Last week's column about how a wage hike for CUPE will likely be funded appeared to touch a nerve with a number of school trustees and teachers, who descended upon me on social media (notably Twitter) to say how unfair the whole situation is.
The funding situation for B.C. schools is indeed unfair in many ways, but it doesn't lessen the likelihood that school boards will have to dig into their budgets to give their employees a pay raise.
Nevertheless, it's important to examine whether school funding has fallen short over the past decade, or whether it has kept pace with mounting cost pressures.
Every year, the provincial government likes to boast it has increased the average rate of funding-per-pupil. It now stands at about $8,600 per student, an increase of 37 per cent since 2001.
And school districts' operating budgets now total more than $4.7 billion, a 27 per cent hike since 2001.
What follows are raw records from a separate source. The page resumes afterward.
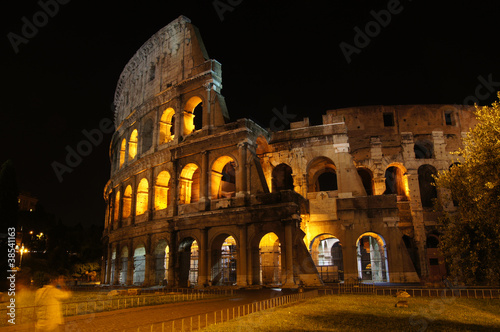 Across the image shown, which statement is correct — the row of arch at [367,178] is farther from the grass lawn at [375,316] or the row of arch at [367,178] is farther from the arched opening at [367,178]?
the grass lawn at [375,316]

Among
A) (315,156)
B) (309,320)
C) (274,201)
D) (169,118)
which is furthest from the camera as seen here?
(169,118)

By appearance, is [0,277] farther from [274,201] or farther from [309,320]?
[309,320]

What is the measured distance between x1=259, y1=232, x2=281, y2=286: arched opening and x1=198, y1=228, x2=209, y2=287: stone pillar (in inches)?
147

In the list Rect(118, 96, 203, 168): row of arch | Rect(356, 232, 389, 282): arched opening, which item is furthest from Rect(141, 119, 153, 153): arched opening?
Rect(356, 232, 389, 282): arched opening

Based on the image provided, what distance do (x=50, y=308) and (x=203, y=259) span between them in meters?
16.6

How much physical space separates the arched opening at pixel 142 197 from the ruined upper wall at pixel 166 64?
6.49 meters

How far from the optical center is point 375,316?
33.9 ft

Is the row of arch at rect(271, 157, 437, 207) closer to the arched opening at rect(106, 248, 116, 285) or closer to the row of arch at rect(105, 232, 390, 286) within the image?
the row of arch at rect(105, 232, 390, 286)

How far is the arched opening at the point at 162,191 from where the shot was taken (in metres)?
26.9

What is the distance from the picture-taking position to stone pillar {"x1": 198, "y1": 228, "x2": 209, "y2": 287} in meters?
22.2

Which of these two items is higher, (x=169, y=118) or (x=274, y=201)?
(x=169, y=118)

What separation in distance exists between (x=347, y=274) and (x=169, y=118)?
16482mm

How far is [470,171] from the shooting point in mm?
14078

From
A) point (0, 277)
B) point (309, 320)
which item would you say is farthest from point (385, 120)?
point (0, 277) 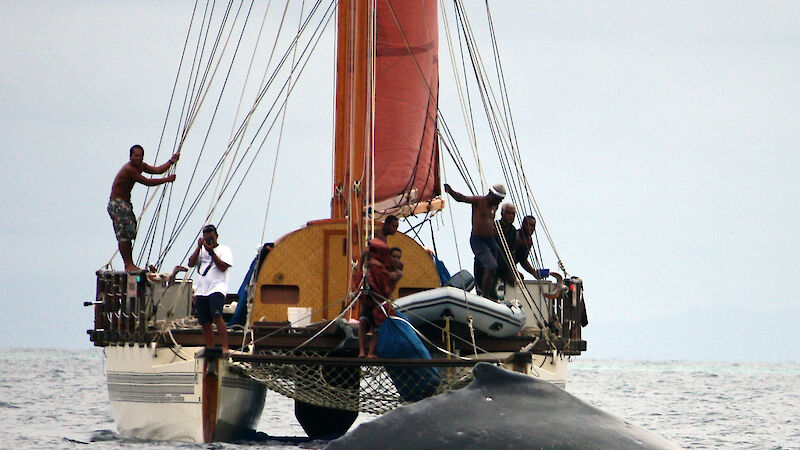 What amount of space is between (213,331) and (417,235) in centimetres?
671

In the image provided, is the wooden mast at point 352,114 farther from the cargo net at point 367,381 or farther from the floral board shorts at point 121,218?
the floral board shorts at point 121,218

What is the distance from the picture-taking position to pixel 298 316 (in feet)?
59.8

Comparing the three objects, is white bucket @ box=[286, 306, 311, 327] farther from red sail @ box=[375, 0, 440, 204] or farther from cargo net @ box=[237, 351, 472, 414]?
red sail @ box=[375, 0, 440, 204]

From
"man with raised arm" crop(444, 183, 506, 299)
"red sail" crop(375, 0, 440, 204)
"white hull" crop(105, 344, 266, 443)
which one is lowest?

On paper, this all looks significant and it appears the funding arrows are pointing the right way: upwards. And these increases have taken place even while student enrolment has declined by 72,000 in the last decade, a significant reduction.
But school trustees have their own numbers, and they are not as positive. In fact, it's hard to square the two opposing views in any meaningful way.
School districts such as Vancouver have compiled a list of cost pressures they claim are not "funded" by the dollars-per-student funding model.
For example, the Vancouver school board estimates inflation alone has added $10 million to its budget over the last decade. Employee benefit improvements (including teachers' pension changes and higher MSP premiums) have added a further $37 million and collective agreement wage hikes have added $58 million.
There are other cost items as well, but the VSB puts its own funding "shortfall" for this year compared to its situation in 2002 at about $47 million. A two-per-cent hike for CUPE would cost an additional $2 million or so.
Northern and rural school districts have other cost pressures. Heating costs are a bigger and more expensive issue in places like Prince George and Prince Rupert than in, say, Victoria. As well, rising bus costs are a bigger headache in Williams Lake than in Burnaby.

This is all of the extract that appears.